When we speak of modern civilization, we mean a civilization dominated by the culture of the great metropolitan centres. It is in the large cities that the tempo of a modern civilization is determined and the tendency of mechanical inventions as well as economic policy is to create an irresistible desire for migration from the country towards the city. The deep and abiding traditions of religion will belong to the countryside, for it is here that man earns his daily bread by submitting to the super-human forces, whose behaviour he can only partially control. In majority of the cases, there is not much a farmer can do if he has ploughed ground and planted his seed, except to wait hopefully for rain or sun. In a city, man puts his faith in furnace to keep out the cold, air-conditioners to keep out the heat, and is proudly aware of what poor conditions his ancestors endured.
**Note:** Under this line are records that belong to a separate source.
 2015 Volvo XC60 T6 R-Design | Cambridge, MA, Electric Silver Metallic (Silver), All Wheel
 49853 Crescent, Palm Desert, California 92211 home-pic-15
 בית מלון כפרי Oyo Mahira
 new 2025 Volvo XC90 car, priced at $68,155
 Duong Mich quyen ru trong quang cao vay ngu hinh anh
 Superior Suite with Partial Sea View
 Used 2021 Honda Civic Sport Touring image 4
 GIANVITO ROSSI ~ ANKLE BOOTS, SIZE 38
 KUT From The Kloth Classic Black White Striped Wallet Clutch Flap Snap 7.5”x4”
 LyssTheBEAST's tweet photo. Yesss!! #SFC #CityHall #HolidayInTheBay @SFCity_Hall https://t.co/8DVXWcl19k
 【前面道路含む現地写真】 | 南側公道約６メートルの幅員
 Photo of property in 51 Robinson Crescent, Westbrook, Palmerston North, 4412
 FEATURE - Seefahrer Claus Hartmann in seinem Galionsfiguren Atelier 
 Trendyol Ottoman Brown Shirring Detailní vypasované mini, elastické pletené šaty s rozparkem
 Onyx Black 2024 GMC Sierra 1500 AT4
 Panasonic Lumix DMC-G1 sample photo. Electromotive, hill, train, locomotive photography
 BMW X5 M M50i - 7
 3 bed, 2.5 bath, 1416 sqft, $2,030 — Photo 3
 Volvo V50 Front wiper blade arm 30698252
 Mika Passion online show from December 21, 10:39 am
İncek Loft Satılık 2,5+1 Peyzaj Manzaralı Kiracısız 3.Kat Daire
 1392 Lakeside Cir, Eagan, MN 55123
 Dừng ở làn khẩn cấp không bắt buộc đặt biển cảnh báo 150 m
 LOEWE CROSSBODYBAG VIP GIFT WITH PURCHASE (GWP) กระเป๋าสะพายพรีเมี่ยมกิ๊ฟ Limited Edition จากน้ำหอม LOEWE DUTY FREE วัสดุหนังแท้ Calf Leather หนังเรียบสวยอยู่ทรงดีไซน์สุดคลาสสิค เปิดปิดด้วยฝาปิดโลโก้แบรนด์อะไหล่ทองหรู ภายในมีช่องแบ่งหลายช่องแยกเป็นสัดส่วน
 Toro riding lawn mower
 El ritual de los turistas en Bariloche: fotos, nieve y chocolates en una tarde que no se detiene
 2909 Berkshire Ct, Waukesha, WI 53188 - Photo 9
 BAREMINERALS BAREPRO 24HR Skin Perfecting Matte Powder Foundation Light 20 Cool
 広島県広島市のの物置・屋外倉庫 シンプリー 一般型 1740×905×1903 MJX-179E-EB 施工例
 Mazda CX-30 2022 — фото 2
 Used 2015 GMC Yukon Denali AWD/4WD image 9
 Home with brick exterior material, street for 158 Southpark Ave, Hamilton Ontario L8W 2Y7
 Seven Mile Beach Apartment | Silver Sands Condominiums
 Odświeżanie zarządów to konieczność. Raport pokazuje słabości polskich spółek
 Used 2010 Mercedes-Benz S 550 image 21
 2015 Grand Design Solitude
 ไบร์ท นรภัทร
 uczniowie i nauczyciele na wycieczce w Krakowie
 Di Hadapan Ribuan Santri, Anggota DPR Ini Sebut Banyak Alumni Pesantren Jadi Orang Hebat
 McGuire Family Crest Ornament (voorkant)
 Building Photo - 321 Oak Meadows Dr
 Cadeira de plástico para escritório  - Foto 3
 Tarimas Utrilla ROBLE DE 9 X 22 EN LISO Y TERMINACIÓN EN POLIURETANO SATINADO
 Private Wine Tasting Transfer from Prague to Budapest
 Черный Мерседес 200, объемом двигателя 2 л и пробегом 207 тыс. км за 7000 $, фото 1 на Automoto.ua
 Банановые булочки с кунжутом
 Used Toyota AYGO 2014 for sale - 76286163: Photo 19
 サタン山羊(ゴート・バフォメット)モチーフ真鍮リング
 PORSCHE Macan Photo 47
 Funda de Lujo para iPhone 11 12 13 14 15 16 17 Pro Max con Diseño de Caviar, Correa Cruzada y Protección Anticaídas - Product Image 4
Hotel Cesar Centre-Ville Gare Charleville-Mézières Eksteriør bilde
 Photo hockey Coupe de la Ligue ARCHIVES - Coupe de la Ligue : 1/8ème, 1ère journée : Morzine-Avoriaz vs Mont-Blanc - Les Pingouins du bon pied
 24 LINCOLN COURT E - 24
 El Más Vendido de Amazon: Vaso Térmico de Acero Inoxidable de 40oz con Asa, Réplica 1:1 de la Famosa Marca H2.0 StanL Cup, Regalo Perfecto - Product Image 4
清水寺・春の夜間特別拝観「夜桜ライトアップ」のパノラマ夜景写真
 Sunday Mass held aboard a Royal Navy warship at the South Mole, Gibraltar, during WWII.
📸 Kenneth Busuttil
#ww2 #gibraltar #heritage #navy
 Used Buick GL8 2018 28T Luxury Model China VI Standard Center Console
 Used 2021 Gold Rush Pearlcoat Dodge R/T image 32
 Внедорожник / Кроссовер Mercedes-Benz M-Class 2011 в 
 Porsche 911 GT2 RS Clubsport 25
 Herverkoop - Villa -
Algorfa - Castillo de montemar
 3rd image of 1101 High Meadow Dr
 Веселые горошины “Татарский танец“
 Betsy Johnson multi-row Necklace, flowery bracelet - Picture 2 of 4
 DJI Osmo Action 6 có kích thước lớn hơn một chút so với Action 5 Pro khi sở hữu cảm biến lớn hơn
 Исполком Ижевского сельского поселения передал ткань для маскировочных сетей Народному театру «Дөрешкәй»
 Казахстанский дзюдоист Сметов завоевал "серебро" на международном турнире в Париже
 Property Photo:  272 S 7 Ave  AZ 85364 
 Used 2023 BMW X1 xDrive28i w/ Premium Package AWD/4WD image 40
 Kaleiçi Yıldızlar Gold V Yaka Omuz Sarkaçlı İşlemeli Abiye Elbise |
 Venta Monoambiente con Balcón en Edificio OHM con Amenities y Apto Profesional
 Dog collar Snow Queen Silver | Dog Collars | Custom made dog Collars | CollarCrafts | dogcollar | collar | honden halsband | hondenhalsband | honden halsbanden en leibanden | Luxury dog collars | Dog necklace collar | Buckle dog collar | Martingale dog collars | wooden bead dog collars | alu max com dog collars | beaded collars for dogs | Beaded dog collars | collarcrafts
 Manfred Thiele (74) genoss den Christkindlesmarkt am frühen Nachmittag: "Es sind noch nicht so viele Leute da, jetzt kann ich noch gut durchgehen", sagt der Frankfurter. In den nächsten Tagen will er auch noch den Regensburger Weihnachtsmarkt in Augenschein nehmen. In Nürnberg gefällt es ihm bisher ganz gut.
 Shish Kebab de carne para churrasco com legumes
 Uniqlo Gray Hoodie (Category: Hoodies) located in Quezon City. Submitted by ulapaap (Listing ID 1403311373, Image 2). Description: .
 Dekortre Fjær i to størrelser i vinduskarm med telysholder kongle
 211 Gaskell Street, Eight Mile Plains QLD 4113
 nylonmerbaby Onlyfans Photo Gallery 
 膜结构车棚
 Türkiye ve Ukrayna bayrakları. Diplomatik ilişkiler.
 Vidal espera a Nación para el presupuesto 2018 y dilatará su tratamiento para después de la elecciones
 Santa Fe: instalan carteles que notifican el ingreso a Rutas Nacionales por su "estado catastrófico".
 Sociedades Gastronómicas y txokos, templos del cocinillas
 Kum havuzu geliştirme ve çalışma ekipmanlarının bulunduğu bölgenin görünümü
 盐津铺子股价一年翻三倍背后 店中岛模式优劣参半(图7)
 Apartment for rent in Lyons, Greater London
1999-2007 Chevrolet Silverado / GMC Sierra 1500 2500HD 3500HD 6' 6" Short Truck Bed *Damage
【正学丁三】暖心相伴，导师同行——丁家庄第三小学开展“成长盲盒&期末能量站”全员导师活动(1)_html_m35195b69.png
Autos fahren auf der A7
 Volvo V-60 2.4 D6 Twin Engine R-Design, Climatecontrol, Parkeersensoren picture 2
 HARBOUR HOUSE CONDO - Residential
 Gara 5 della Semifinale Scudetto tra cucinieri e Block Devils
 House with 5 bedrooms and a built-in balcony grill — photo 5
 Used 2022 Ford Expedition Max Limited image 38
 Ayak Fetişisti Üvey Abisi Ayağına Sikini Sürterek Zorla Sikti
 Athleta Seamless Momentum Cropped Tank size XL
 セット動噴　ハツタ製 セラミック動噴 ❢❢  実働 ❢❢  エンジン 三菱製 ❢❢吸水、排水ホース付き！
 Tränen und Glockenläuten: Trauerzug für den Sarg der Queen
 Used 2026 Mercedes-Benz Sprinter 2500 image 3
The modern man has at his disposal the machinery of intelligence—the press, the radio, motion picture, the TV and the like. These have enormously multiplied the number of unseen events and strange beliefs and queer doings with which he is to be concerned. They compel him to pay attention to facts which are detached from their background, their causes and their consequences and are only half known because they are not seen or touched or actually heard. These experiences appear to him having no beginning, no middle and no end, mere flashes of publicity playing fitfully upon a dark tangle of circumstance.
The effect of modernity then is to specialize and to intensify our isolated activities. Once all things were phases of a single destiny. The Church, the State, the family, the society were all means to the same end, the rights and duties of the individual in society, the rules of morality, the themes of art, and the teachings of science, were all ways of revealing, of celebrating, of applying the laws laid down in the divine constitution of the universe. In the modern world institutions are more or less independent, each serving its own proximate purpose and our culture is really a collection of different interests, each sovereign within its own realm. The separation of activities has its counterpart in a separation of selves; life of a modern man is not so much the history of a single soul; it is rather a play of many, actors within a single body.